--- Exercise goal ---
The lines from the one containing "Vente Maison 8" to the end of the entries, both included, are what you need to transcribe exactly, without pictures and without anything else.

(Beginning of Information)

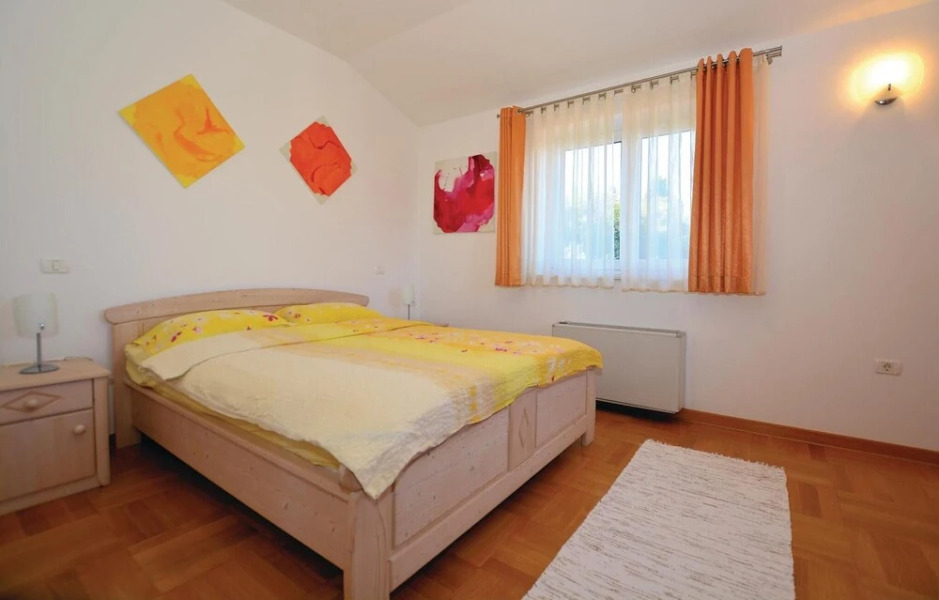 Awesome Home in Portoroz With Sauna, Wifi and 3 Bedrooms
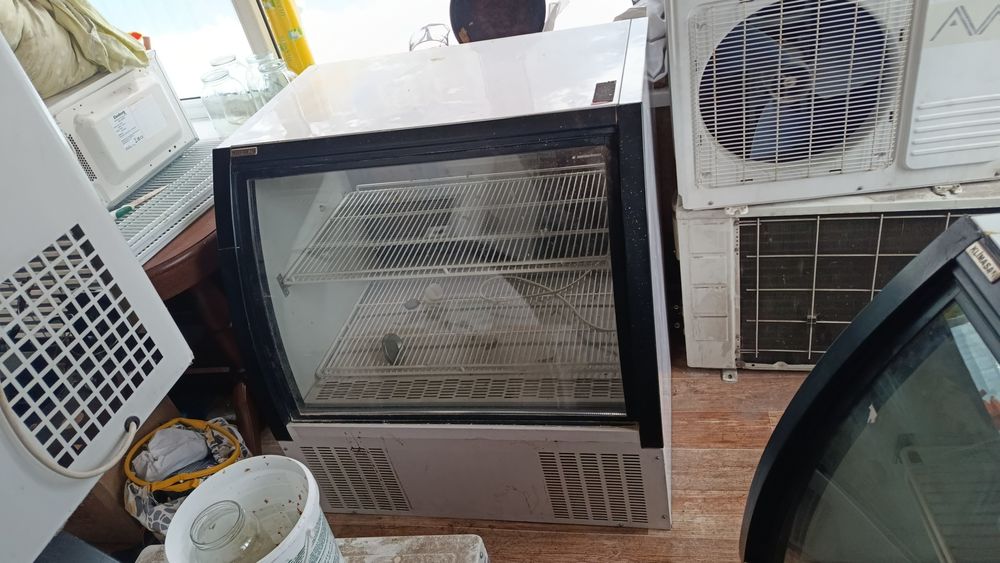 Витринный холодильник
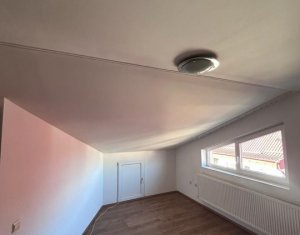 Lakás 3 szobák kiadó on Floresti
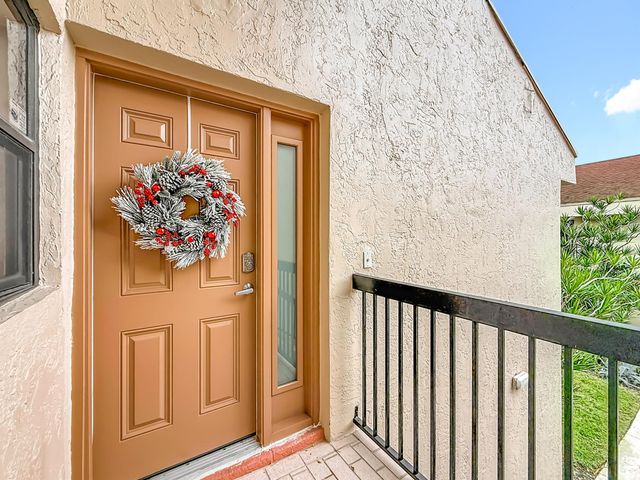 2846 Carambola Circle S, Coconut Creek, FL 33066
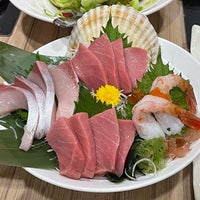 Photo taken at Honmono Sushi by Chinaphong K. on 1/31/2023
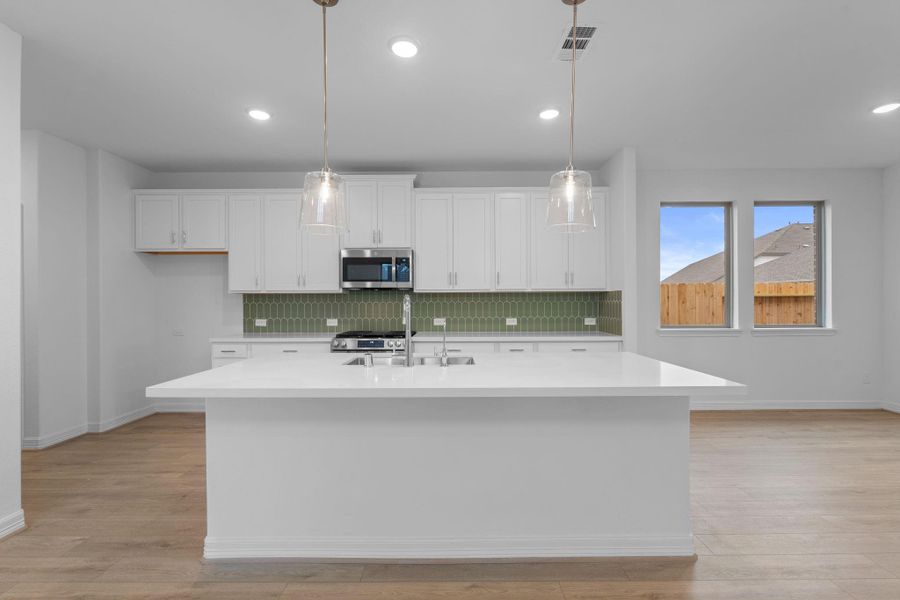Note: Sample product photo. Actual exterior and interior selections may vary by homesite. Photo may be virtually staged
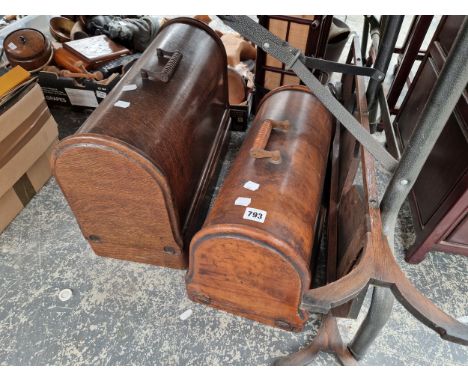 TWO VINTAGE SEWING MACHINES AND A CAKE STAND. 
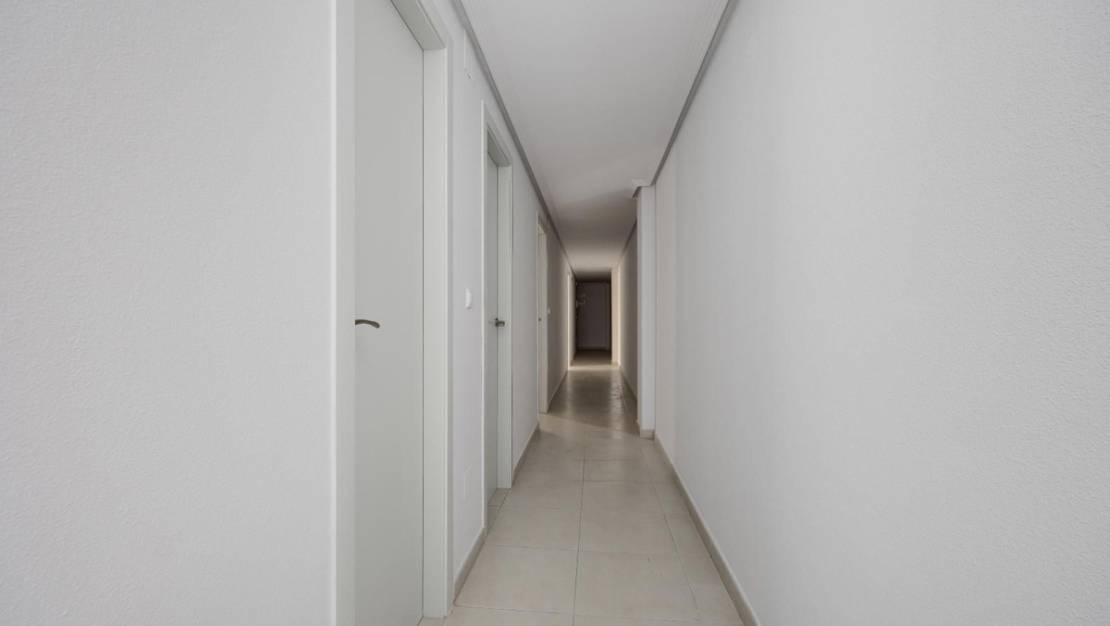 Sale - Apartment - Torrevieja - Torrevieja Centro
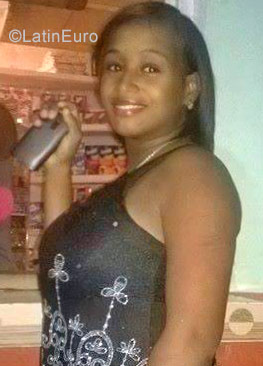 Date this foxy Dominican Republic girl Rosa from Dajabon DO31168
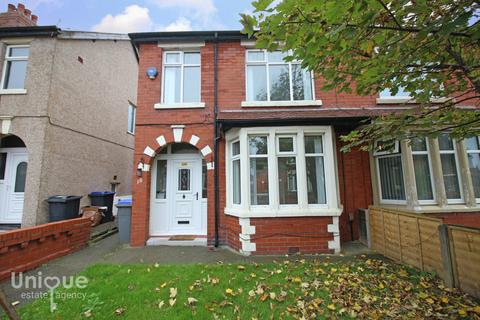 18 Maurice Grove, Blackpool, FY2 0QH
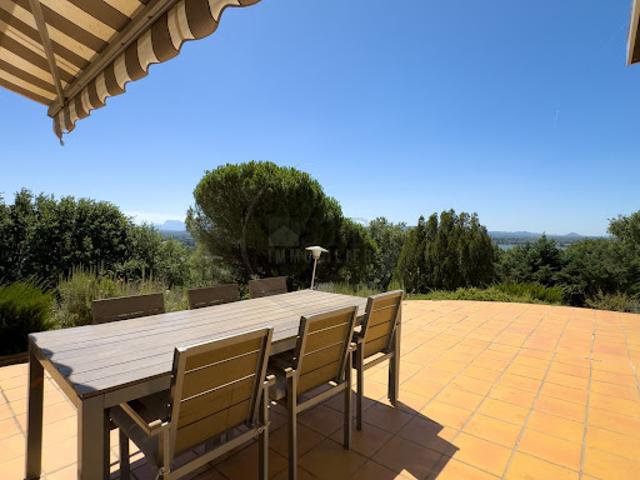 Vente Maison 8 pièces 225 m2 Saint Georges les Bains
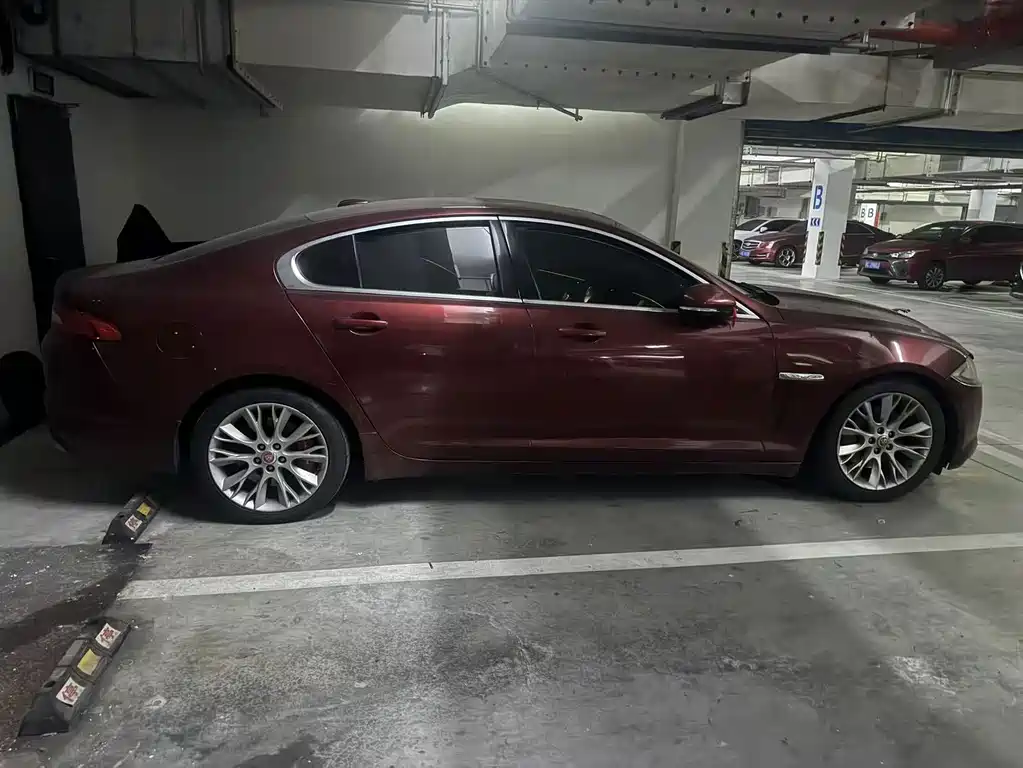 Jaguar XF — миниатюра 5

(End of Information)

--- Answer area ---
 Vente Maison 8 pièces 225 m2 Saint Georges les Bains
 Jaguar XF — миниатюра 5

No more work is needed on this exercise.